Forget the Forrest Gump quote about never knowing what’s in a box of chocolates. Most artisan chocolatiers include some sort of list of their chocolates, usually with images so you can decipher what’s in the box without putting your thumb through the bottom of each one. If you’re really lucky, the guide is actually a menu describing what’s in each piece.
This way you can tell, based on our strategy, which pieces to eat in what order. You can also remove any chocolates you might be allergic to or know you won’t like. These are also known as the “share” chocolates. There’s probably somebody in your life who would love your artisan chocolate cast-offs.
Tip: If the guide is skimpy, check the chocolatier’s website for more info on what’s in each piece.
#2. Eat the piece you are most interested in first.
Do not save the best for last. The chocolates will never be fresher than when you first open the box, so it makes sense to eat the flavor you love or are most intrigued by first. This is the one piece you don’t want to miss.
Tip: No judgement, no guilt here. Start strategizing after eating that first piece.
#3. Eat any ganache-only pieces next.
Truffles without shells, sometimes called pavés, have the shortest shelf life of any chocolates. Made of just chocolate, heavy cream and sugar, with maybe some flavoring like vanilla or a liqueur, then dusted with cocoa powder or confectioners’ sugar, they have no protection from the elements.
Tip: These pieces can be stored in the fridge, carefully sealed, to lengthen their shelf life. Some people even like them frozen.
#4. Eat chocolates filled with white chocolate ganache next.
White chocolate ganache has the shortest shelf life of the 3 ganache types. I’d start with any fruit-flavored white chocolate ganache pieces at this stage because fruit flavors can fade quickly.
#5. Move on to fruit-flavored ganaches.
After finishing off all the white chocolate ganache fillings, any fruit-flavored milk or dark chocolate ganaches are fair game.

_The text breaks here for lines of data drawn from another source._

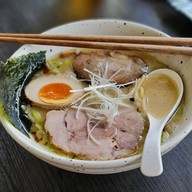 เมนูของร้าน Yamaumi Ramen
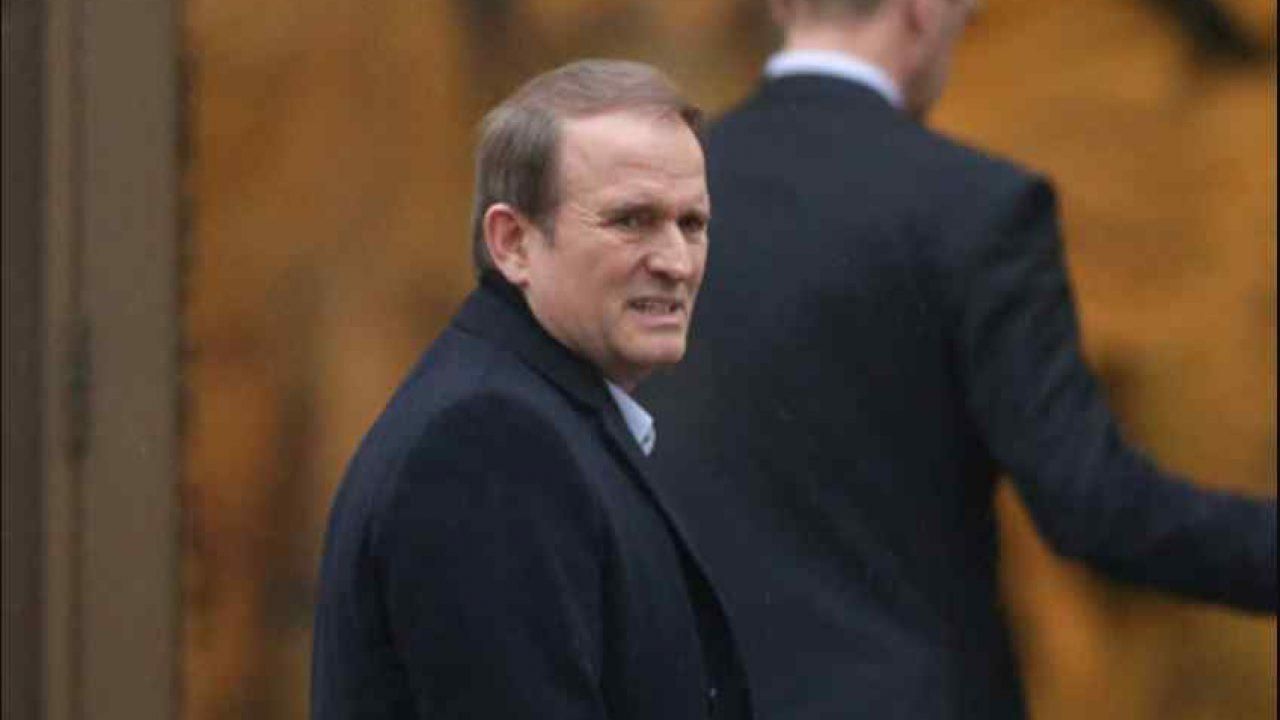 Как спецпошлина на топливо из РФ влияет на структуры Медведчука Как спецпошлина на топливо из РФ влияет на структуры Медведчука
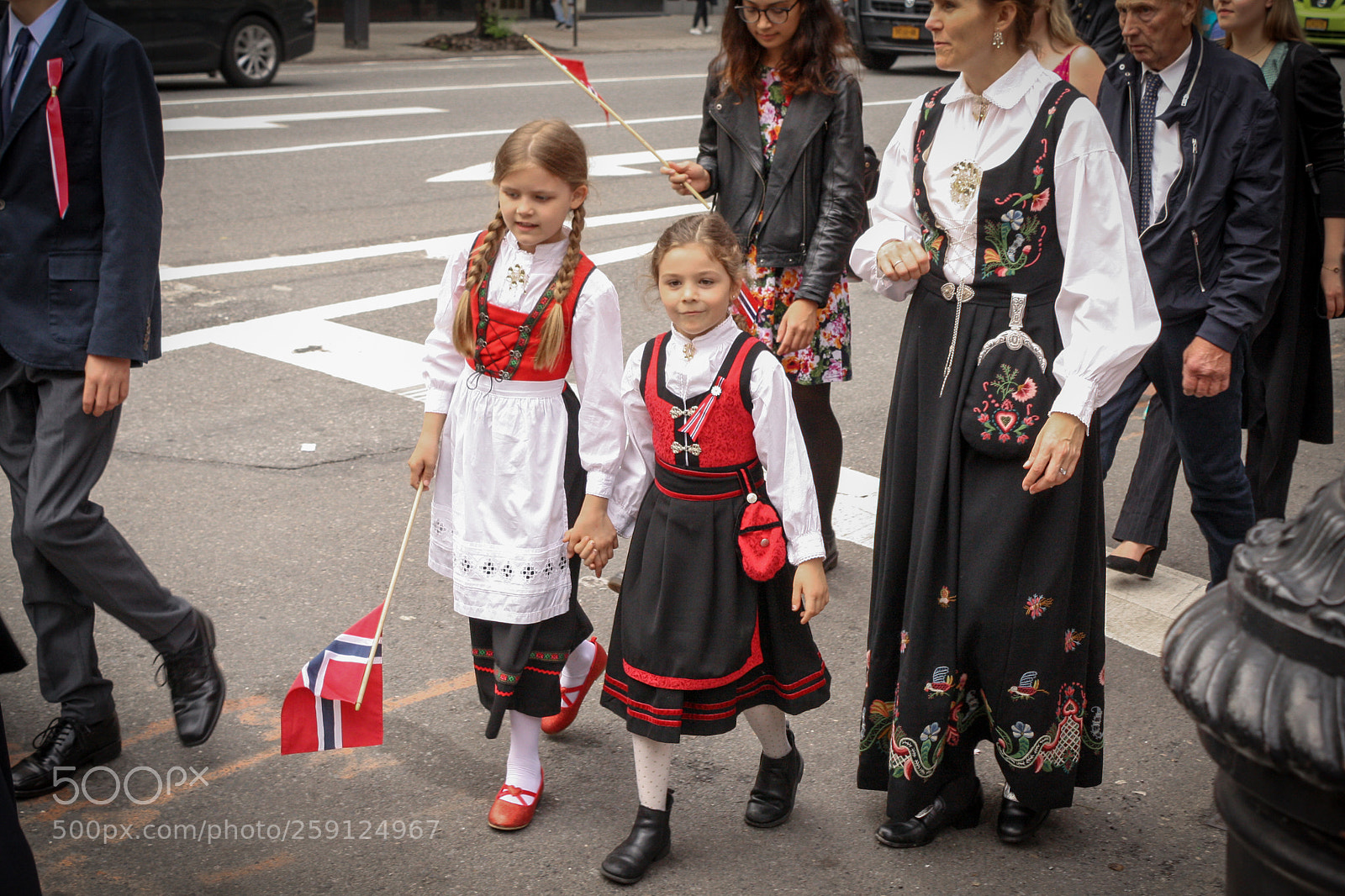 Canon EOS 1000D (EOS Digital Rebel XS / EOS Kiss F) sample photo. May 17 norwegian constitution day 2018 photography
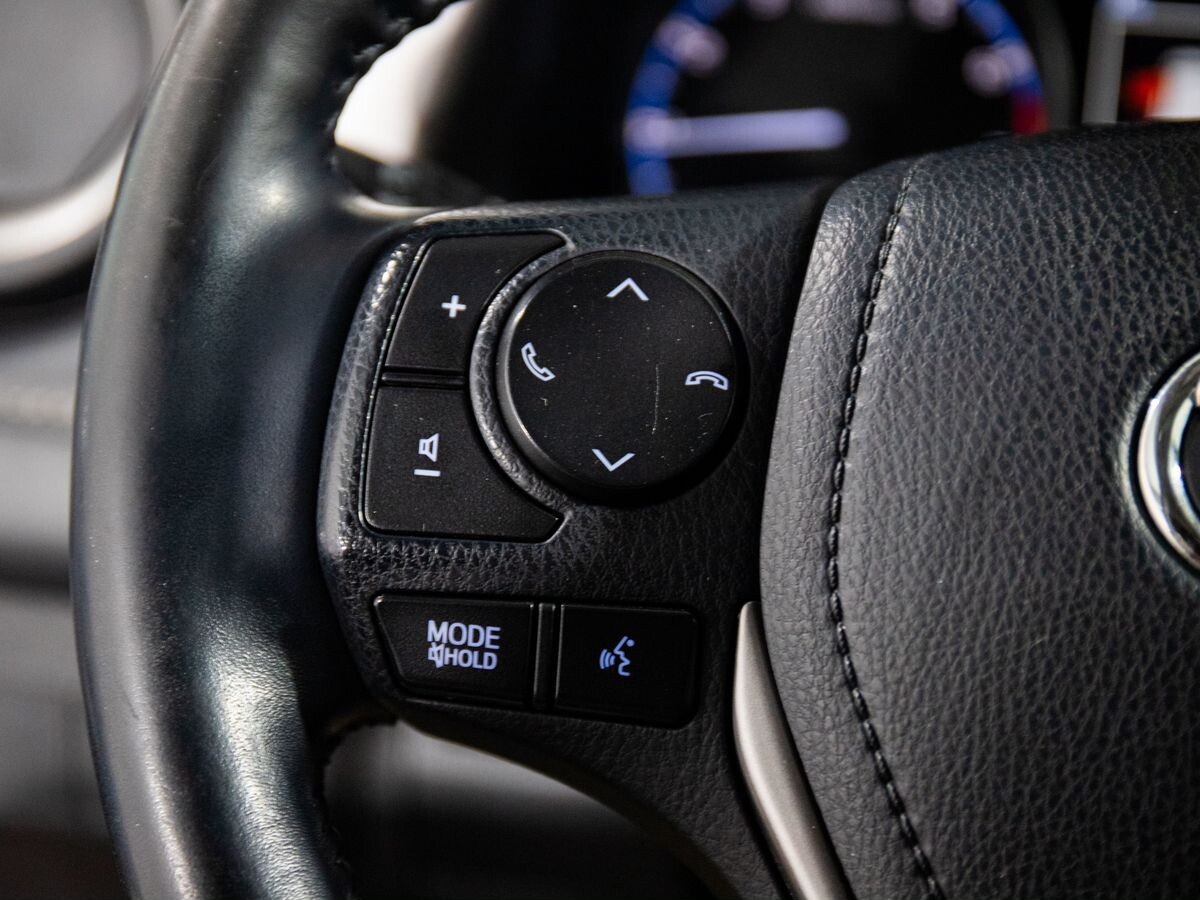 Toyota RAV4 2018 - фото автомобиля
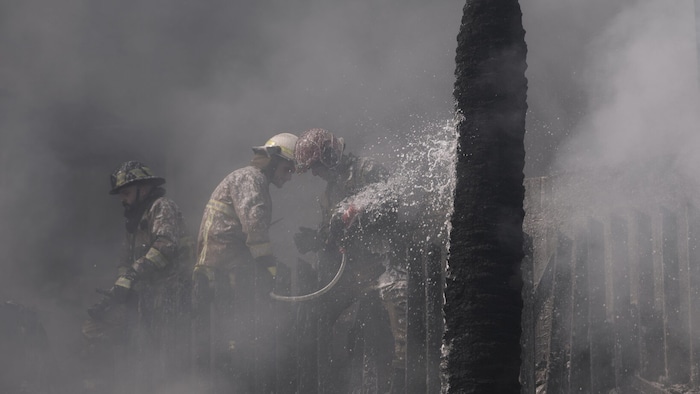 Viele Menschen sind noch unter den Trümmern von Häusern verschüttet.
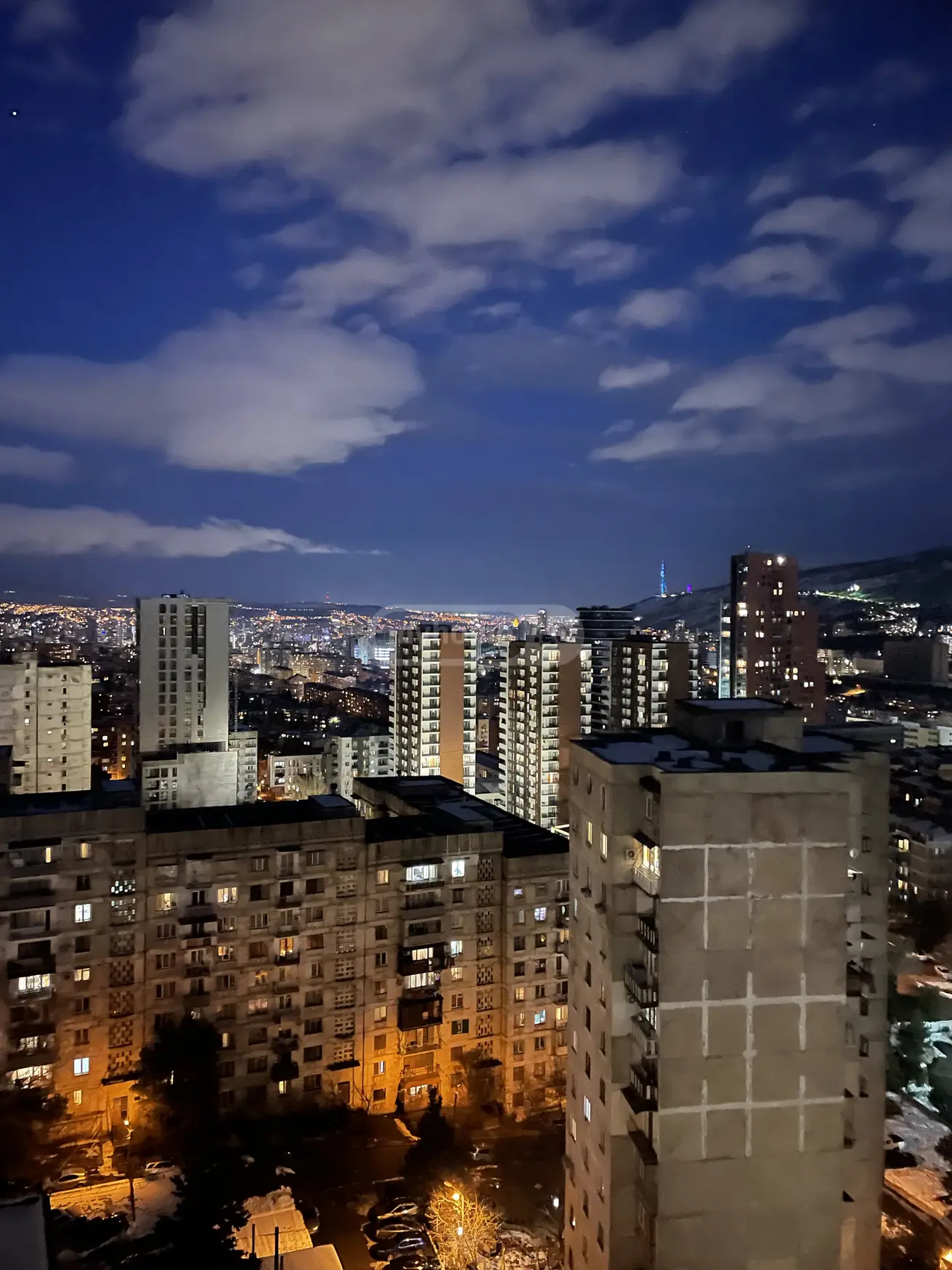  Продается 2 комнатная  Квартира в Сабуртало  на ул. Миндели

Tip: If the ganache contains dried fruit or alcohol-soaked fruit, like brandied cherries, they can wait. (See step #9.)
#6. Nut & seed butters/ganaches are next.
As opposed to chocolate-covered nuts which can wait until the end of the box, any chocolates that contain ground or finely chopped nuts or seeds will fade and should be eaten before more strongly flavored chocolates.
#7. Try any teas, florals & herbs.
Strong teas, florals and herbs (like rosemary or mint) can be saved for after you’ve eaten all the lighter-flavored chocolates.
Tip: Lighter teas and fresh herbs can be more delicate than fruit flavors, so you might want to eat those before the fruit-flavored ganaches.
#8. Time for spices and savories.
A notch stronger than herbs are spices, so now’s the time to eat your spicy chocolates like cinnamon, chai or hot pepper. This is also the time I’d eat savory chocolates like bacon.
#9. Save liqueur & preserves for late-in-the-box enjoyment.
Toward the end of the box is when you should turn your attention to any chocolates made with ingredients that have some shelf life of their own, such as chocolate-covered dried fruits and nuts, or chocolates filled with jams, jellies (like pâte de fruits), or alcohol-soaked fruit. Also liqueur-filled chocolates will still be delicious when other chocolates are just a memory.
#10. Save the salted caramels for last.
Save any chocolate-covered caramels in the box for last since caramel is a hardier beast than ganache.